## [AIM OF THE EXERCISE]
Here is the task for the listing below: output exactly the lines from the one containing "Spring pink nature" through the one containing "Ein Hund schwimmt", and leave out the pictures.

## [RECORD EXCERPTS]
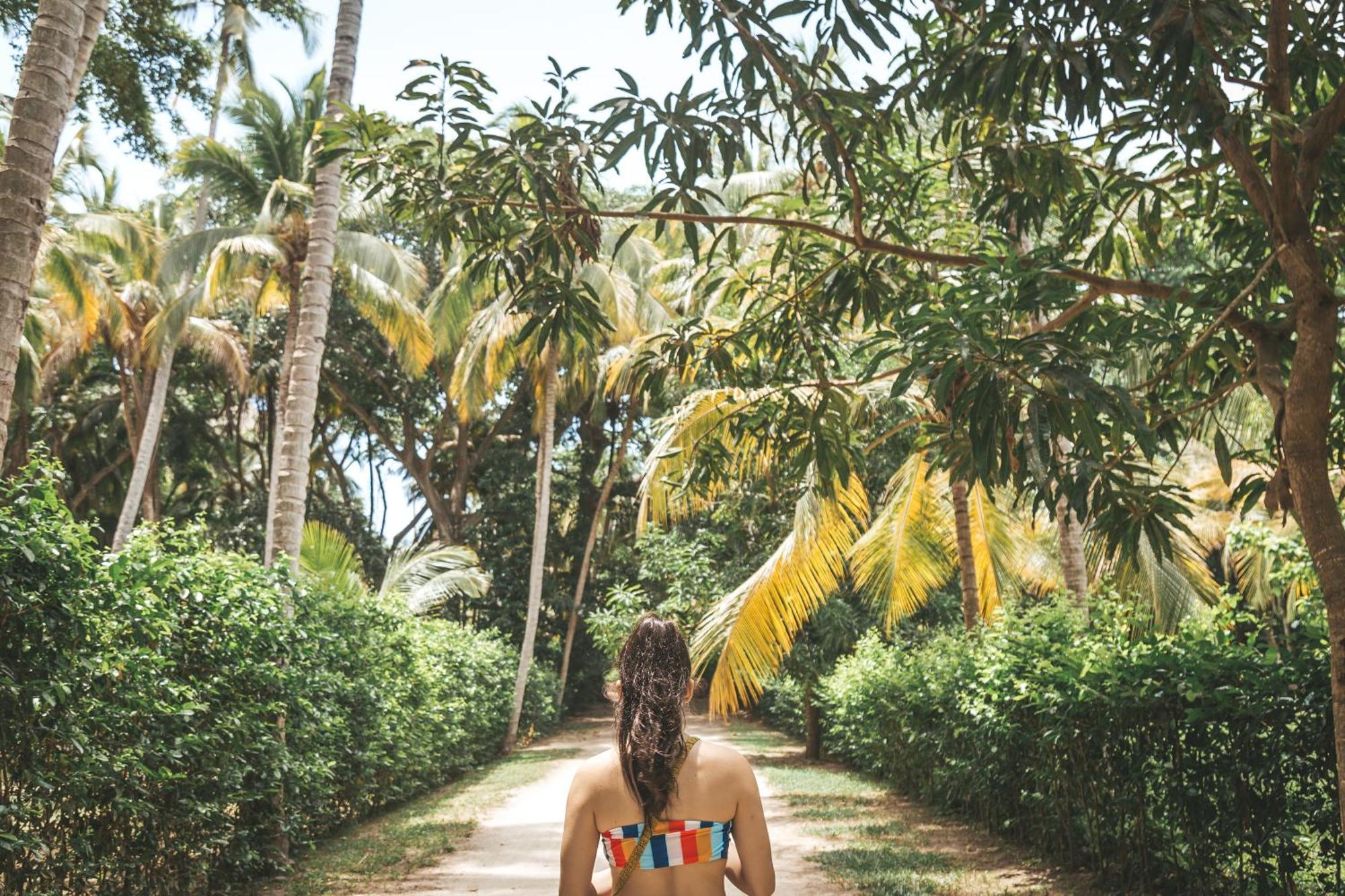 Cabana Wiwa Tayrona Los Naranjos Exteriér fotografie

...

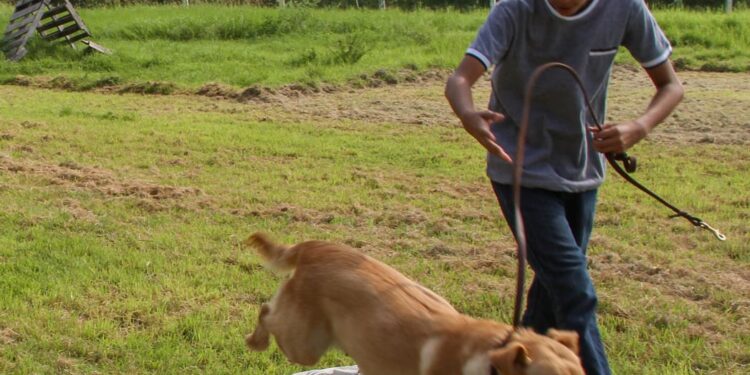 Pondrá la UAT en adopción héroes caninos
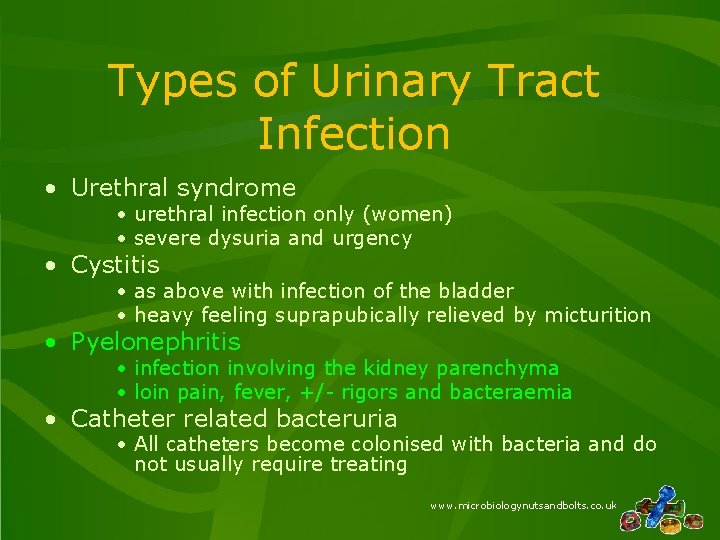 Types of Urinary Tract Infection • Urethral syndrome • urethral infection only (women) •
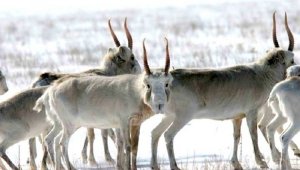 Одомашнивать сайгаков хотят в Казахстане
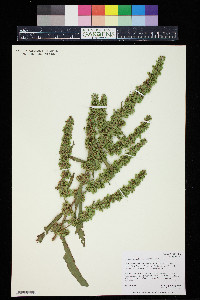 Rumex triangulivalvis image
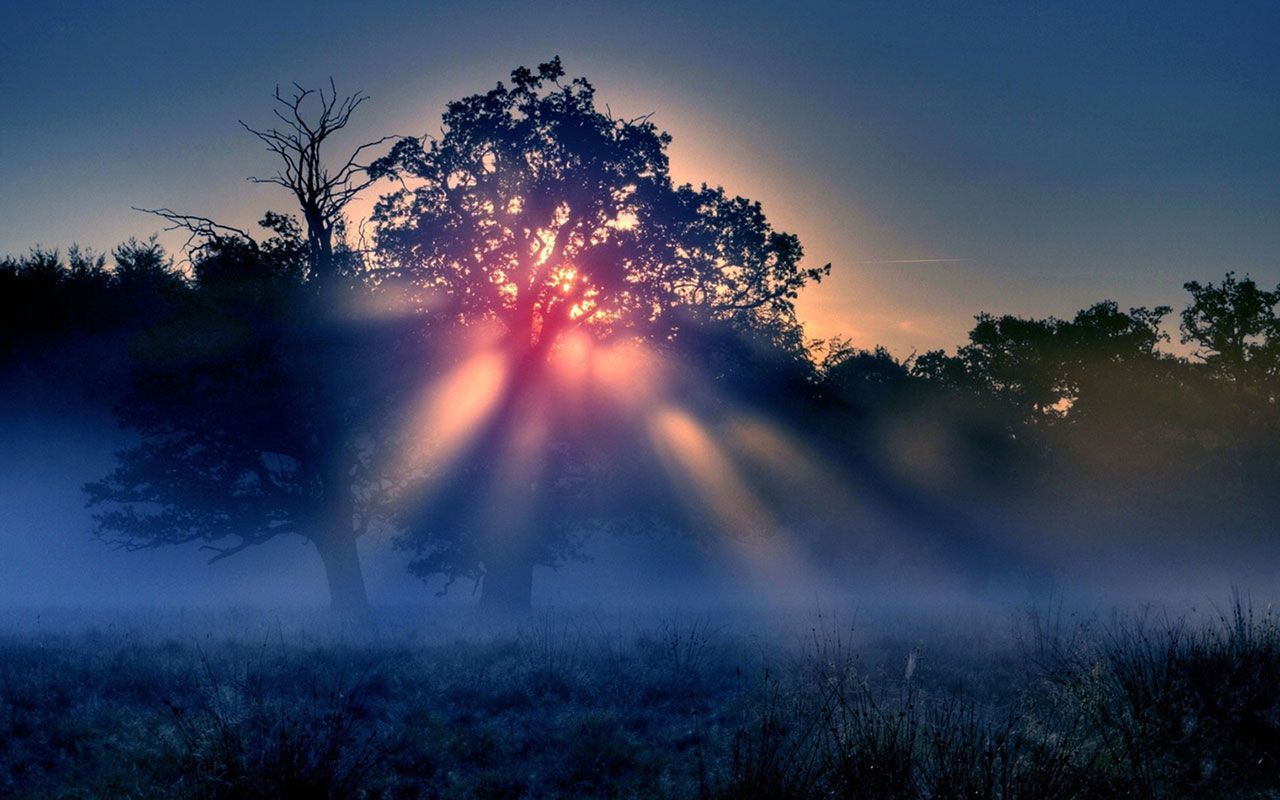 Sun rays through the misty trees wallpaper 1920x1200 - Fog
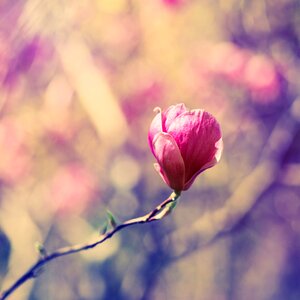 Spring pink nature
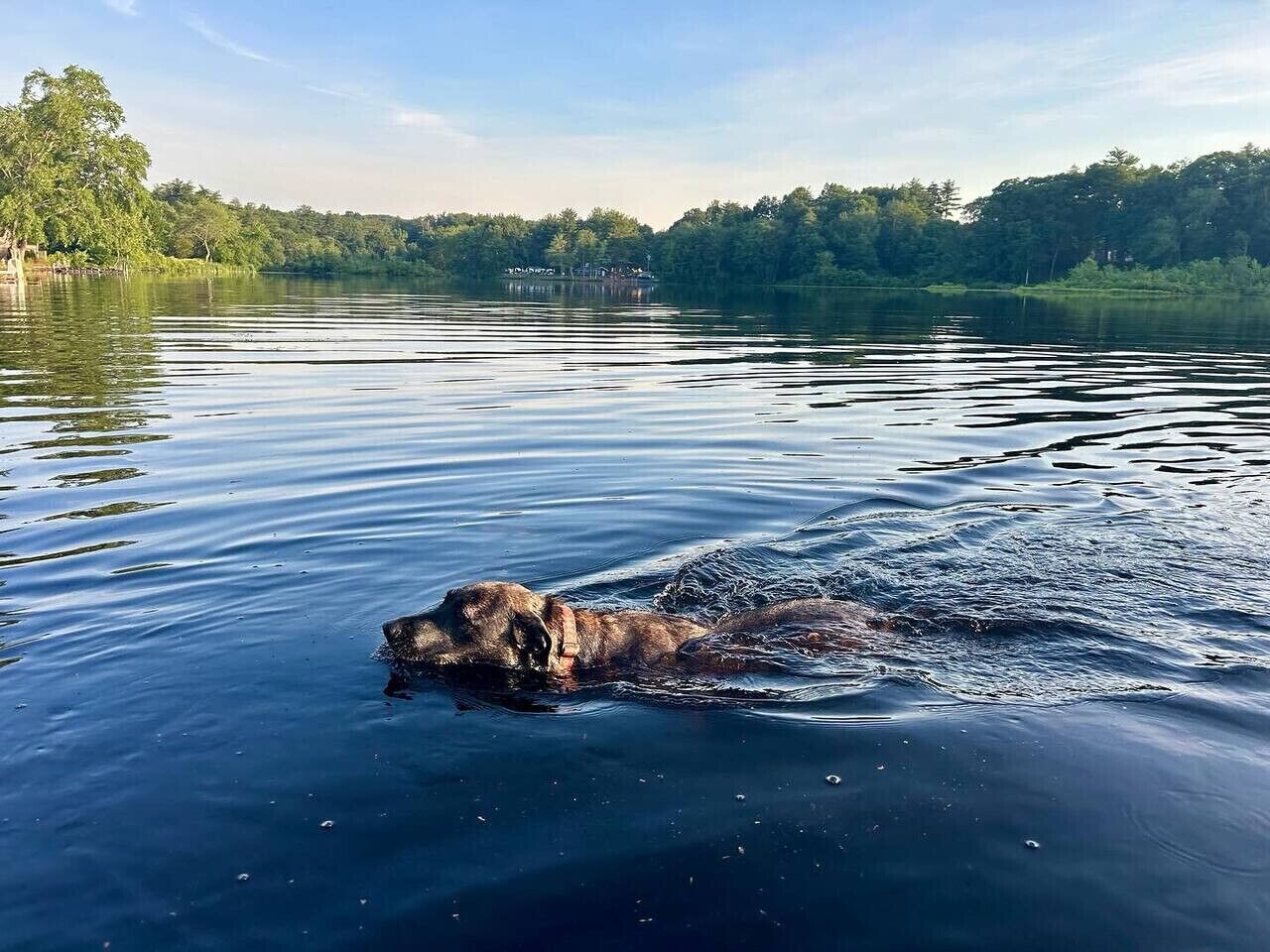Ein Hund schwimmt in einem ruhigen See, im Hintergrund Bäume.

## [RESULT BELOW]
 Spring pink nature
Ein Hund schwimmt in einem ruhigen See, im Hintergrund Bäume.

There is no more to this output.